On this gas pipe line job there were six D8 bulldozers clearing and grading the path for the line. The first dozer knocked down the stone walls and pushed some of the boulders and stumps to the side of the cleared path [this was me, the kid] each dozer that followed bought the clearing a little closer to the final finished path which by then looked like a smooth dirt road. The last dozer put the final touches on the road and this operator was an artist. When he finished the road looked beautiful and more to the point was ready for the army of backhoes that were going to dig the miles and miles of wide trench that the gas line would be buried in.
At lunch time all the dozers, or the closest ones, were pulled in a circle and the guys all ate lunch together. Lunch in construction is only a half hour and the bosses really mean it so if you want to eat you bring your lunch pail with you.
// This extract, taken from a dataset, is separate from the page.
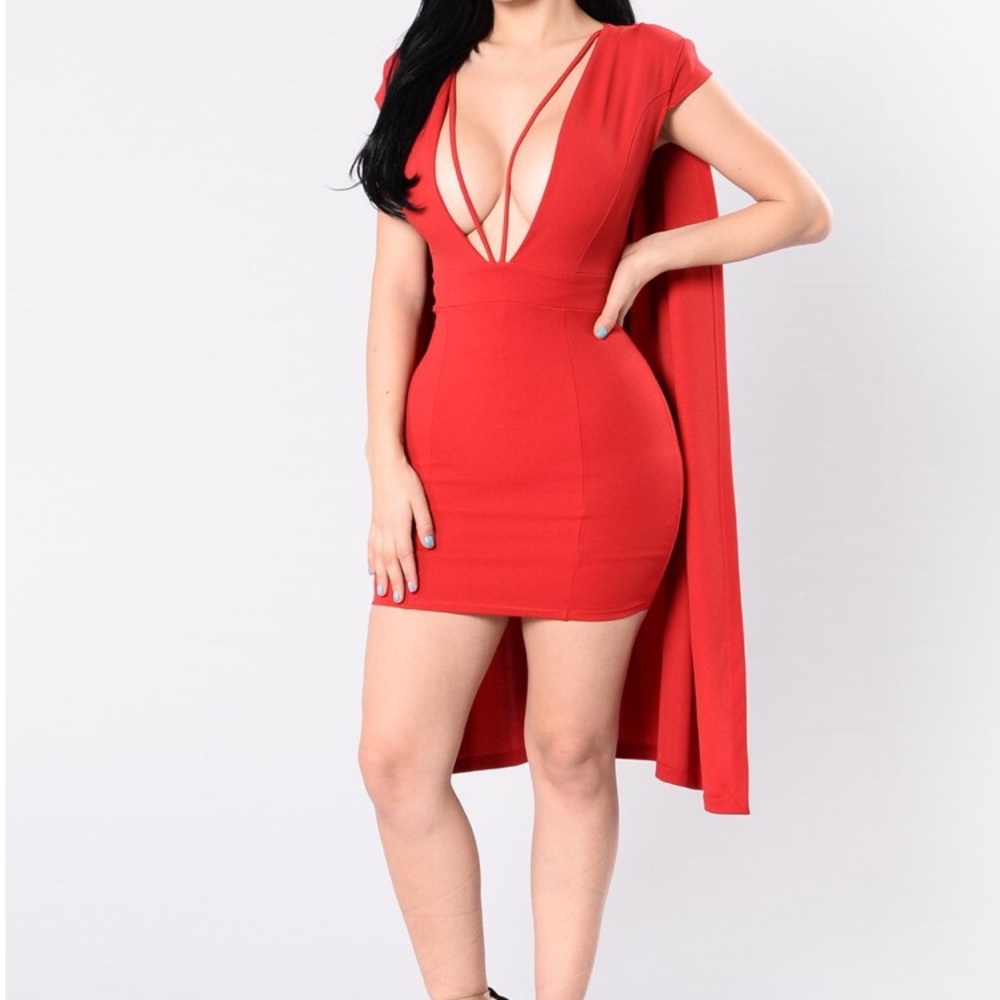Control top - Red mini dress with cape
My mom packed the greatest lunches and there was more than one dozer operator who offered to trade what he had for what I had. Most times I didn’t trade but sometimes if the guy had a great story I would make the trade. One time Jimmy an old time dozer operator who had a fondness for booze and gambling told me this story.
“I met this guy on my last job who every time he opened his lunch used to bitch like crazy about it. It was always peanut butter and jelly which he hated with a passion. Sometimes he would get so worked up when he opened his lunch pail he would throw the sandwiches on the ground other times he would bitch that next time he got the same crap for lunch he was goanna commit suicide. Well one day he didn’t show up for work and we found out that sure as hell he had committed suicide. I, like most of the guys he worked with, went to pay our respects when he was laid out. I met his wife who seemed like a real nice person and in talking to her I laughingly told her how her husband John hated those peanut butter and jelly sandwiches for lunch. She looked at me confused and said, “I don’t understand that, he packed his lunch every day.” “\With that Jimmy burst out laughing and all the other dozer operators joined in. Then I understood, it was a joke. I traded my ham and cheese sandwich for his bologna sandwich, the story warranted it.
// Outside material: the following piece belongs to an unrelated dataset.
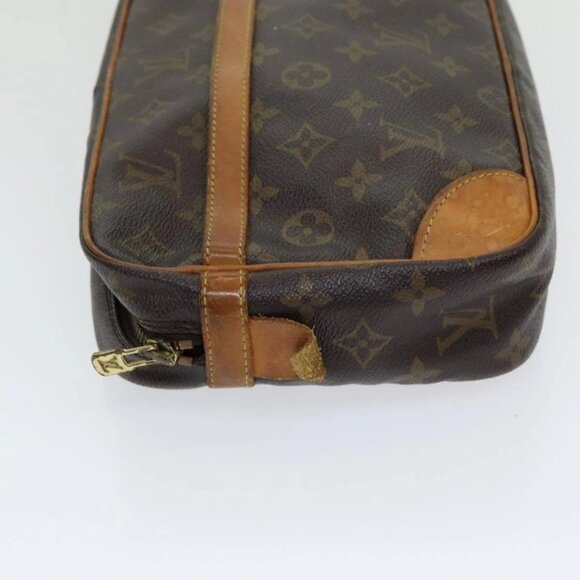 LOUIS VUITTON Monogram Compiegne 28 Clutch Bag - Picture 4 of 16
As the kid of the group I did the listening. They all told great stories of loves, fights, drinking, general hell rising and some of the crazy guys they worked for. I learned a lot from those guys but the one thing that hit me like a bolt of lightning was that every one of those guys had bad backs. The guys were twice my size and yet they were all paying the price for bouncing around on a bulldozer all day. And the pay they were getting just wasn’t enough for walking around in pain. You know everybody loves to talk about how much construction workers make but it’s all seasonal and when you look at your W2 at the end of the year nine out of ten times its nothing to brag about.
I thought long and hard about it. Then I called Joe, my old teacher and with his help I went to community college at night for the next four years taking all the academic courses I missed in high school. Each winter when I was laid off I doubled my academic load. In the meantime I adjusted to life in the construction industry as an operating engineer. The life was based on active work and the season. When it was cold you were laid off, when it rained you were sent home and when the work slowed up you were laid off. I bounced around and soon discovered that no matter how hard you worked or how much extra you gave when the job was over you were gone. In the process I worked with and met a host of employers and employees. I crossed paths with more than one bad guy which usually didn’t end well for me if the other guy had a Rabbi in the union.
The way they handled it, the union usually called your house when you were working and either left a message or spoke to whoever answered the phone and they either moved you to another job or said you were laid off. In either case the money that was owed to you was mailed to you. It was the way it worked, the union made the call and when they made the call you followed their direction.